* _Activity_: Given the material below, output exactly the lines from the line with "HEK293T cells were" to the line with "Fig. 02 - Cortical", both ends included, and no other lines.

* _Input_:
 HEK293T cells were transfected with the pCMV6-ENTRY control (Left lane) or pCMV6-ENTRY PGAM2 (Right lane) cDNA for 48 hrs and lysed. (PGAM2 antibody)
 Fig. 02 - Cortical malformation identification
--
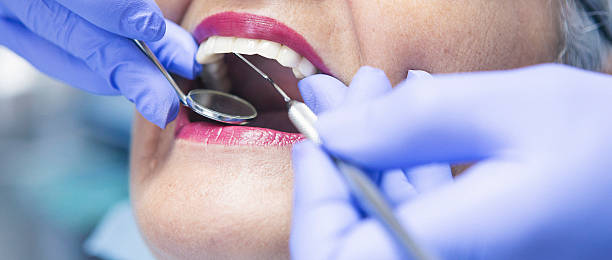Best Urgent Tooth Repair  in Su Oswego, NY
--
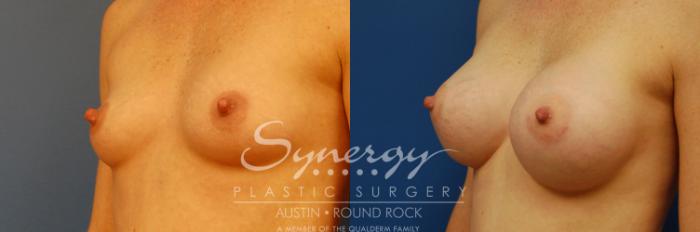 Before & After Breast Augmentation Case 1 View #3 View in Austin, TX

* _Written response_:
 HEK293T cells were transfected with the pCMV6-ENTRY control (Left lane) or pCMV6-ENTRY PGAM2 (Right lane) cDNA for 48 hrs and lysed. (PGAM2 antibody)
 Fig. 02 - Cortical malformation identification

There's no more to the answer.